Orpheus was born with a simple technical idea: Cloudflare could deploy an alternate version of Argo’s control plane where the routing table only includes failover paths. Today, this alternate control plane makes up the core of Orpheus. If a request that travels through Cloudflare’s network is unable to connect to the origin via a preferred path, then Orpheus’s data plane selects a failover path from the routing table in its control plane. Orpheus prioritizes using failover paths that are more reliable to increase the likelihood a request uses the failover route and is successful.

Orpeus also takes advantage of a complex Internet monitoring system that we had already built for Argo Smart Routing. This system is constantly testing the health of many internet routing paths between different Cloudflare data centers and a customer’s origin by periodically opening then closing a TCP connection. This is called a synthetic probe, and the results are used for Argo Smart Routing, Orpheus, and even in other Cloudflare products. Cloudflare directly connects to 11,000 networks, and typically there are many different Internet routing paths that reach the same origin. Argo and Orpheus maintain a database of the results of all TCP connections that opened successfully or failed with their corresponding routing paths.

Scaling the Orpheus data plane to save requests for everyone

Cloudflare proxies millions of requests to customers' origins every second, and we had to make some improvements to Orpheus before it was ready to save users’ requests at scale. In particular, Cloudflare designed Orpheus to only process and reroute requests that would otherwise fail. In order to identify these requests, we added an error cache to Cloudflare’s layer 7 HTTP stack.
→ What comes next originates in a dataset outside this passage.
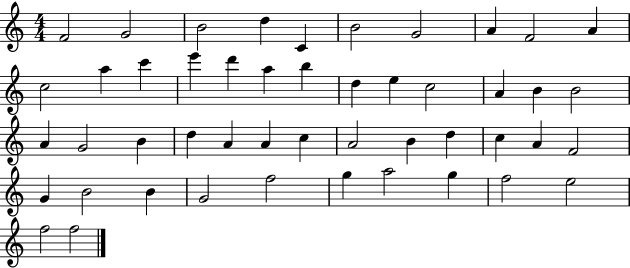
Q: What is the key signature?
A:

When you send an Internet request (TCP SYN) through Cloudflare to our customer’s origin, and Cloudflare doesn’t receive a response (TCP SYN/ACK), the end user receives a 522 error (learn more about TCP flags). Orpheus creates an entry in the error cache for each unique combination of a 522 error, origin address, and a specific route to that origin. The next time a request is sent to the same origin address via the same route, Orpheus will check the error cache for relevant entries. If there is a hit in the error cache, then Orpheus’s data plane will select an alternative route to prevent subsequent requests from failing.

To keep entries in the error cache updated, Orpheus will use live traffic to retry routes that previously failed to check their status. Routes in the error cache are periodically retried with a bounded exponential backoff. Unavailable routes are tested every 5th, 25th, 125th, 625th, and 3,125th request (the maximum bound). If the test request that’s sent down the original path fails, Orpheus saves the test request, sends it via the established alternate path, and updates the backoff counter. If a test request is successful, then the failed route is removed from the error cache, and normal routing operations are restored. Additionally, the error cache has an expiry period of 10 minutes. This prevents the cache from storing entries on failed routes that rarely receive additional requests.
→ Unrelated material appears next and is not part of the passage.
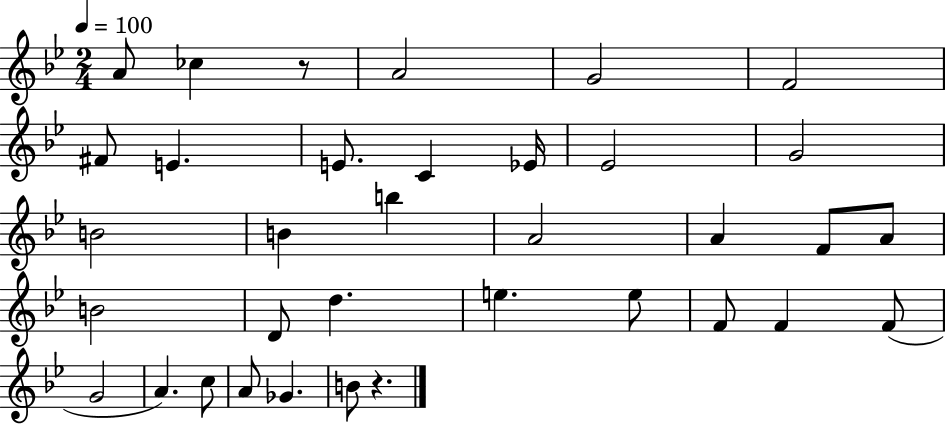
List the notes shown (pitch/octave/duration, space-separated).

The error cache has notable a trade-off; one direct-to-origin request must fail before Orpheus engages and saves subsequent requests. Clearly this isn’t ideal, and the Argo / Orpheus engineering team is hard at work improving Orpheus so it can prevent any request from failing.

Making Orpheus faster and more responsive

Orpheus does a great job of identifying congested or unreachable paths on the Internet, and re-routing requests that would have otherwise failed. However, there is always room for improvement, and Cloudflare has been hard at work to make Orpheus even better.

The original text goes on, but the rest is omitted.